# Making a program to convert K(1+cos(nQ-phi)) to a power series

1. Jun 22, 2012

### shitij

Hi all !!

I am a summer trainee and am currently making (modifying: I am changing the way the program takes input) a program in Fortran, and my math is a little shaky.
What I have is an input file with 3 parameters in it for the equation (which is the equation for calculating torsional potential):

K (1+cos(nQ-phi))

The parameters given to me are: K, n and phi.
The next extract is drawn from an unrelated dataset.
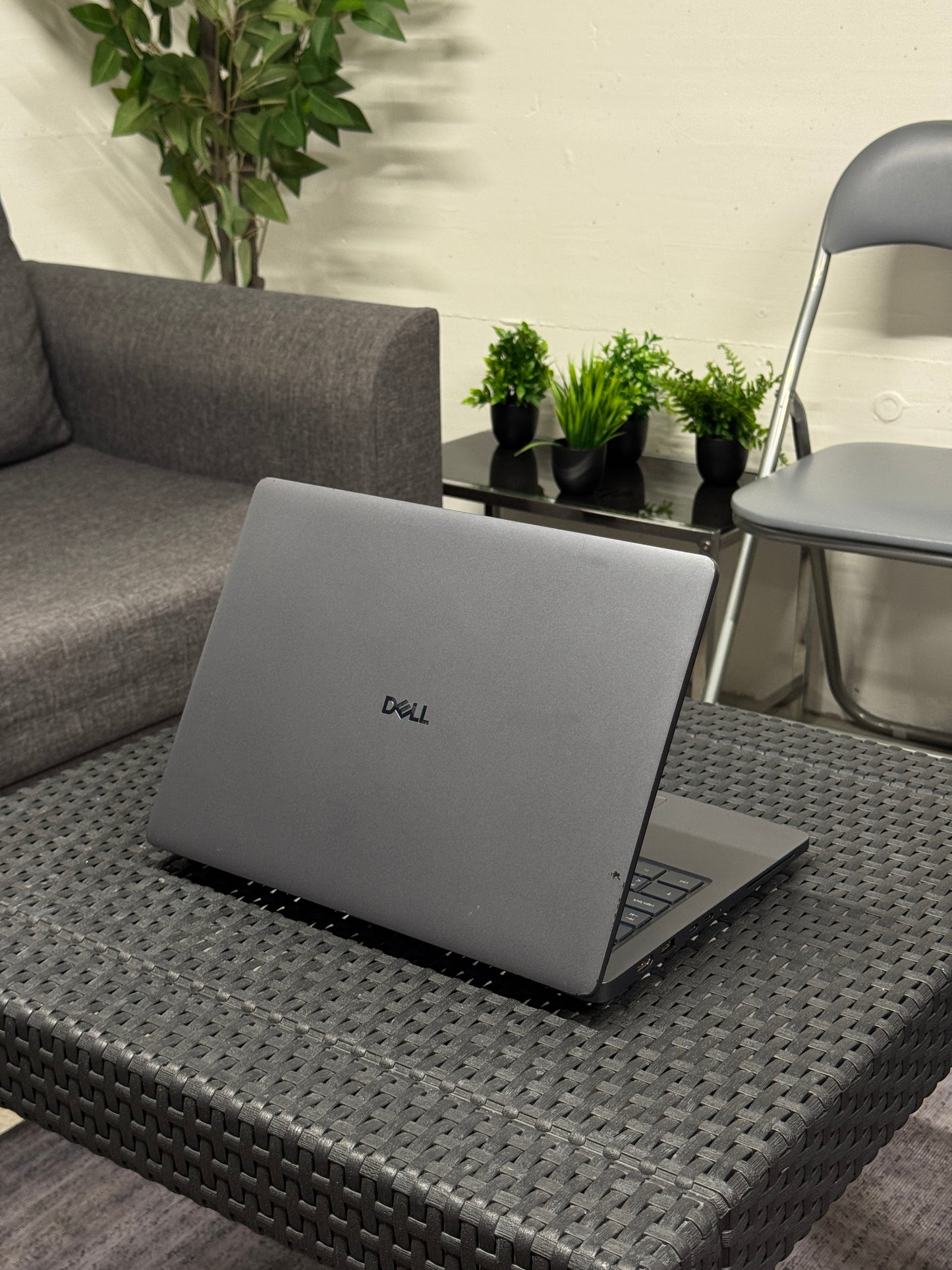 Dell Pro Max 14, Ultra 7 255H, 16GB RAM, 512 GB SSD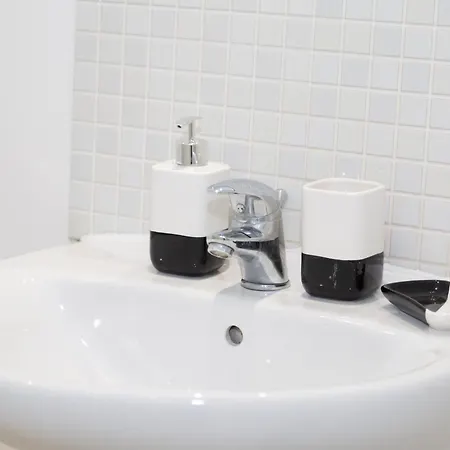 Apartamento Serviced In Centre - Free Parking - Balcony - By Happy Days Liverpool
Now the program takes 7 parameters for this equation which are the prefactors for the corresponding power series (it does it that way because calculating double differential is easier then).
So, I have to convert the given 3 parameters to the 7 parameters that the programs wants.
How do I do that?

I looked at the taylor series expansion on wikipedia, but I am not sure what I should expand this against. Is power series = maclaurin series? So I have to expand this around a=0?

Thanks !!

2. Jun 22, 2012

### chiro

Hey garbageij and welcome to the forums.

The major use for having different points to expand around in taylor series relates to having convergence properties in some neighborhood of the point you are expanding around.

If you know the function is defined everywhere, converges everywhere and is differentiable everywhere, then you can use any point you want.

In terms of the neighbourhood, the reason why people might want to use different points of expansion is because you may want to get an approximation to a point 'close' to the one you are expanding around and because it's close, a lot of the derivative terms (especially the higher ones) can be ignored to give a good approximation.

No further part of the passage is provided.